Problem to solve
Copy the listing below line for line, starting at its first line and ending with the line that has "Mr Winston Co." in it. Add nothing.
The records section start
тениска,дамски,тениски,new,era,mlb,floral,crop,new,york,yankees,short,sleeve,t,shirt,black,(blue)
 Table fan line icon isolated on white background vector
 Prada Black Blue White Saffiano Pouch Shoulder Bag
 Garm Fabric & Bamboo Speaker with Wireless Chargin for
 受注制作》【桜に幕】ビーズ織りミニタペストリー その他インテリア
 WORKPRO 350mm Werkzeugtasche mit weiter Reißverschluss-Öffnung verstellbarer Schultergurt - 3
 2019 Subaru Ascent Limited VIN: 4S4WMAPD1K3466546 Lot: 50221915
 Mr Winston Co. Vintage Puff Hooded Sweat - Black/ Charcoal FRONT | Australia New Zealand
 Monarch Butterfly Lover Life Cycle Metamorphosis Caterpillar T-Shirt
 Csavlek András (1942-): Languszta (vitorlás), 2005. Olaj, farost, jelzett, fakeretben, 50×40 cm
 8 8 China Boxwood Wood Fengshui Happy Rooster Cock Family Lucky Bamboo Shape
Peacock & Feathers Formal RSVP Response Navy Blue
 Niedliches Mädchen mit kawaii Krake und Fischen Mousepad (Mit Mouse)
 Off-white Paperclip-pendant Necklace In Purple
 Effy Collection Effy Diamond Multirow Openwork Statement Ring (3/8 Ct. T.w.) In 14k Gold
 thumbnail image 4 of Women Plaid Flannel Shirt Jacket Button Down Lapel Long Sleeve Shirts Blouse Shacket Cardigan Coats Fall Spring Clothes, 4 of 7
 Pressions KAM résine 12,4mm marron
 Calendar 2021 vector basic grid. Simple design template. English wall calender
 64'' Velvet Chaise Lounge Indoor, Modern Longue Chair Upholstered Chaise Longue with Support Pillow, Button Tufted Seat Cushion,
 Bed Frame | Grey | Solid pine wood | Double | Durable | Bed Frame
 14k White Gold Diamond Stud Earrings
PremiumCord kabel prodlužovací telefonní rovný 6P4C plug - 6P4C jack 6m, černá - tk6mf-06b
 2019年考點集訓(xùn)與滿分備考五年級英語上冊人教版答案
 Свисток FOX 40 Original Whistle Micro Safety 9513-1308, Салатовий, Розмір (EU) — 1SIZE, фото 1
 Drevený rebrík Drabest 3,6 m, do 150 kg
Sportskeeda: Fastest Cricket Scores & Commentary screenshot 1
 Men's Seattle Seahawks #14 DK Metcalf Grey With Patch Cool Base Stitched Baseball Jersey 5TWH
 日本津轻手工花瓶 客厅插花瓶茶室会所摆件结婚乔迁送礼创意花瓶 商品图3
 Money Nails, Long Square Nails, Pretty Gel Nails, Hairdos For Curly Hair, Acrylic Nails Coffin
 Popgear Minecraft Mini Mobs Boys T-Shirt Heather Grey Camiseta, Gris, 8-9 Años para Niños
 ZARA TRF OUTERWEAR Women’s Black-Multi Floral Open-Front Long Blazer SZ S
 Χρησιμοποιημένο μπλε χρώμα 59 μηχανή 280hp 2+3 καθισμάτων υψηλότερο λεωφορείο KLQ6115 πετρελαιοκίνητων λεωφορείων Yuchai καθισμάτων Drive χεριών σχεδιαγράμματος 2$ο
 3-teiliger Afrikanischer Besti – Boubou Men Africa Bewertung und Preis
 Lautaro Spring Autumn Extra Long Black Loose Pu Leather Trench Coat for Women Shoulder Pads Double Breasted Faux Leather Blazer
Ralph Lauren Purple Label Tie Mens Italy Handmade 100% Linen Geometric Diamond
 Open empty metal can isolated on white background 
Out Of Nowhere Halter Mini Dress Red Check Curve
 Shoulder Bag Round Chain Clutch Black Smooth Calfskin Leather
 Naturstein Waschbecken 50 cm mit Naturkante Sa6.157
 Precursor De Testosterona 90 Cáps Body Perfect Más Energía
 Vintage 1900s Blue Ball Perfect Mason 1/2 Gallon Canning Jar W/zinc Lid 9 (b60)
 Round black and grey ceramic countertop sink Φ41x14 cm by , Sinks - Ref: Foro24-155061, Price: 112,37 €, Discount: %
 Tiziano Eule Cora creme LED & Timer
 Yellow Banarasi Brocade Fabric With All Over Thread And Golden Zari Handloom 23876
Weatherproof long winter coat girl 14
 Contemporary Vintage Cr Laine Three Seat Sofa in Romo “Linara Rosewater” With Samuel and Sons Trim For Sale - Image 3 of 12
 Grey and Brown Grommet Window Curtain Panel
The records section end
Solution to this task
тениска,дамски,тениски,new,era,mlb,floral,crop,new,york,yankees,short,sleeve,t,shirt,black,(blue)
 Table fan line icon isolated on white background vector
 Prada Black Blue White Saffiano Pouch Shoulder Bag
 Garm Fabric & Bamboo Speaker with Wireless Chargin for
 受注制作》【桜に幕】ビーズ織りミニタペストリー その他インテリア
 WORKPRO 350mm Werkzeugtasche mit weiter Reißverschluss-Öffnung verstellbarer Schultergurt - 3
 2019 Subaru Ascent Limited VIN: 4S4WMAPD1K3466546 Lot: 50221915
 Mr Winston Co. Vintage Puff Hooded Sweat - Black/ Charcoal FRONT | Australia New Zealand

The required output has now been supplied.